### What to do
I would like every record reproduced exactly, with the pictures left out.

[Source records]
━━━━

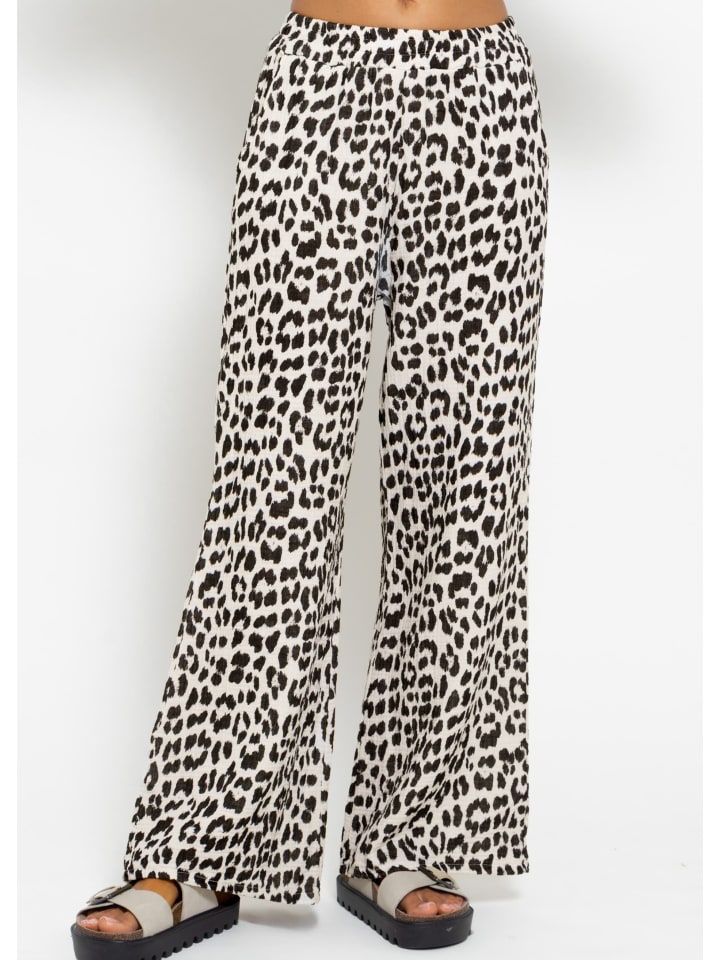 SASSYCLASSY Musselin Pants mit weitem Bein in Leo-Print in hellbeige I schwarz günstig kaufen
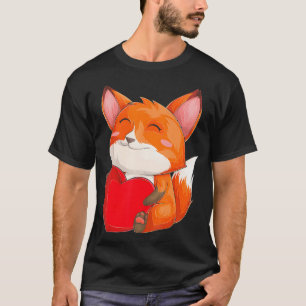 Schattigee Kawaii Fox Wilde Dieren Fox St Valentij T-shirt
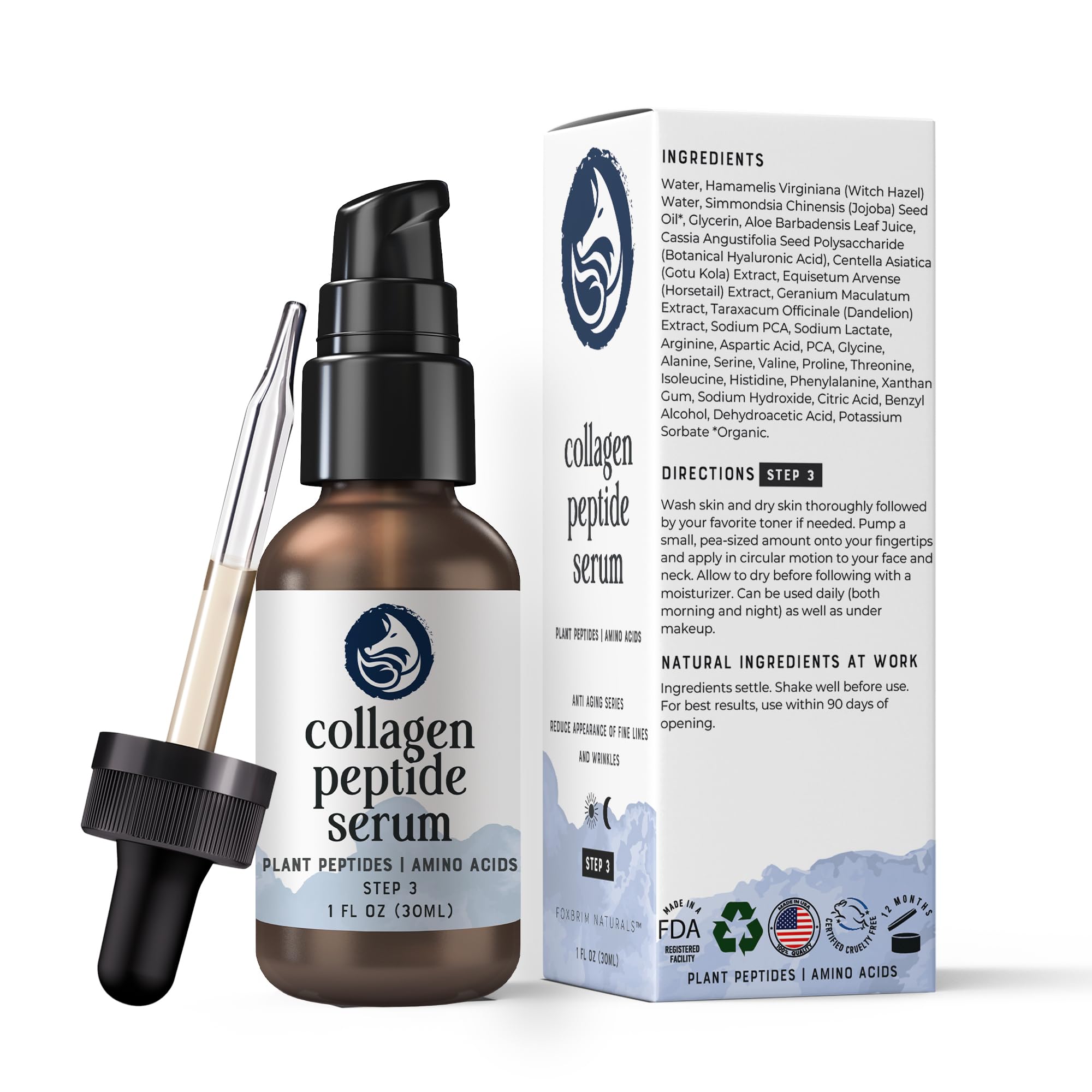 Foxbrim Naturals serum pairs with Bright Boost Moisturizer for a radiant finish.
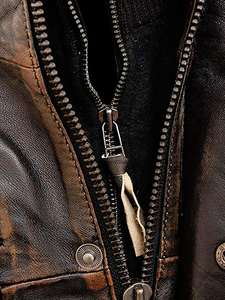 แจ็คเก็ตหนังแท้สำหรับผู้ชาย, แจ็คเก็ตหนังแท้100% แจ็คเก็ตแฟชั่นสำหรับนักขี่มอเตอร์ไซค์หนังสีน้ำตาล - Product Image 4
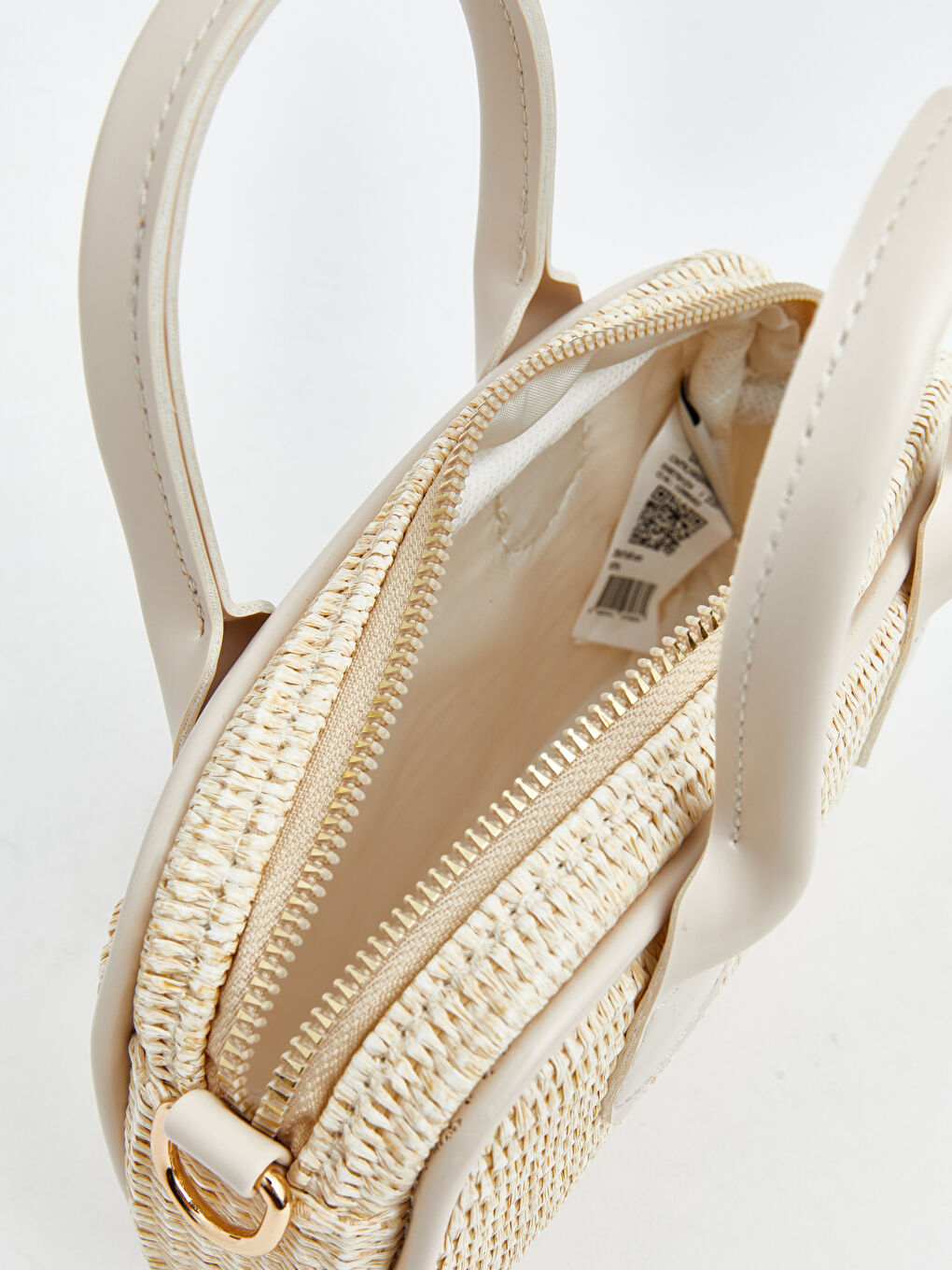 Bej Hasır Görünümlü Kız Çocuk Omuz Çantası-2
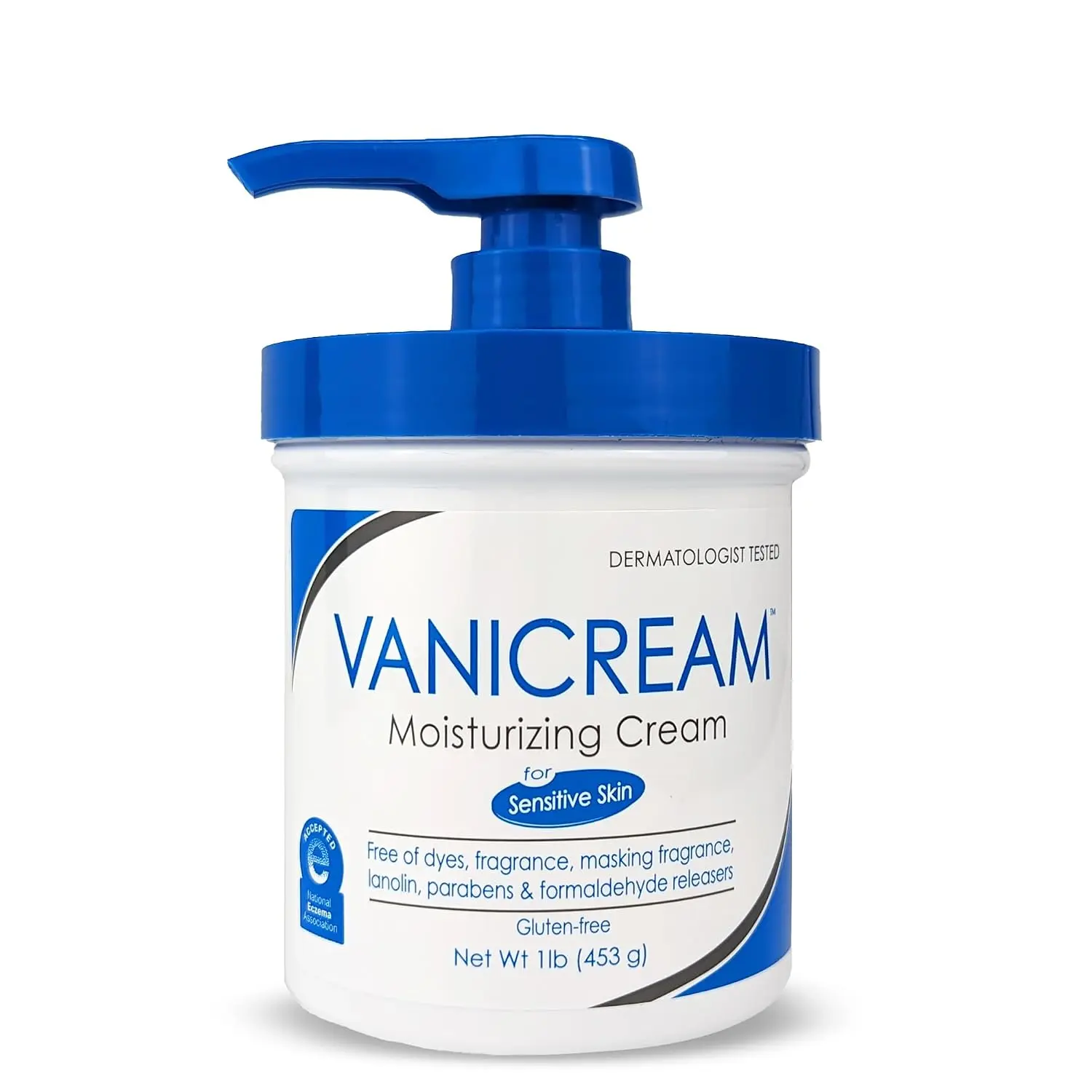 Vanicream Moisturizing Cream with Pump Dispenser, 16 Oz, Formulated without Common Irritants for Sensitive Skin, Body & Face Moisturizer, Restores Moisture & Soothes Irritated, Itchy Areas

━━━━

### Solution for this task
 SASSYCLASSY Musselin Pants mit weitem Bein in Leo-Print in hellbeige I schwarz günstig kaufen
 Schattigee Kawaii Fox Wilde Dieren Fox St Valentij T-shirt
 Foxbrim Naturals serum pairs with Bright Boost Moisturizer for a radiant finish.
 แจ็คเก็ตหนังแท้สำหรับผู้ชาย, แจ็คเก็ตหนังแท้100% แจ็คเก็ตแฟชั่นสำหรับนักขี่มอเตอร์ไซค์หนังสีน้ำตาล - Product Image 4
 Bej Hasır Görünümlü Kız Çocuk Omuz Çantası-2
 Vanicream Moisturizing Cream with Pump Dispenser, 16 Oz, Formulated without Common Irritants for Sensitive Skin, Body & Face Moisturizer, Restores Moisture & Soothes Irritated, Itchy Areas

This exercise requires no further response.